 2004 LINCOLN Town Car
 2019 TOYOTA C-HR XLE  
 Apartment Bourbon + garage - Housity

--

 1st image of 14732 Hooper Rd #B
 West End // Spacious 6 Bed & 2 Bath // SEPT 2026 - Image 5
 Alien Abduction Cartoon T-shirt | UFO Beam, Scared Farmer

● **TASK BRIEF**:
Reproduce exactly the entries above, limited to the lines from the one with "2019 TOYOTA C-HR XLE" through the one with "Apartment Bourbon + garage - Housity", both included.

● **EXPECTED ANSWER**:
 2019 TOYOTA C-HR XLE  
 Apartment Bourbon + garage - Housity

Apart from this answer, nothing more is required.